Just like varnishing and framing, you take care of your creation.
Every story, written, painted or sculpted should have a title.
It's also like naming a baby or even a pet. With that name you give it identity.
So a title is more than just a handy thing to put on a card ... instead of painting no. 1, 2, 3, etc.
It can convey the feeling of the artist or a hint to view a work in a particular way.
And sometimes it is just the name of a specific person, an animal or the animal species.
For example, I have from the simplest ‘Kingfisher’ and ‘Baika’ to ‘Who is afraid of the big bad Wolf’ and ‘Transcending’...
and from ‘Wolves!’ to ‘Who blinks first Loses’ as titles. (Humor is also emotion)
And sometimes they are quite heavy in personal meaning.
You can do whatever you want, and there are no wrong titles if you support it.
There are also works of art without title, deliberately determined by the artist.
And there can be quite a story behind that.
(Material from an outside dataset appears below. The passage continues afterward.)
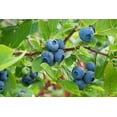 thumbnail image 2 of Highbush Blueberry Fruit/Shrub Seeds, 50 Seeds Per Packet Non GMO Seeds, Botanical Name Vaccinium corymbosum, 2 of 7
But something like that is a bit too abstract for me personally in my work.
I follow my intuition, emotion and feeling during the process of forming ideas.
For example, I may have the title before the painting or even the sketch.
And very occasionally, the title comes much later after the work is completed.
Or even changed after years.
Like this work in the middle.
安全 老虎 (these Chinese characters are engraved in the stone (painted) ... maybe you can see them)
(Safe the Tiger)
Years later I changed the title to ‘Tribute’
Which gives a stronger and more positive feeling to the work.
The before mentioned Chinese characters are already there.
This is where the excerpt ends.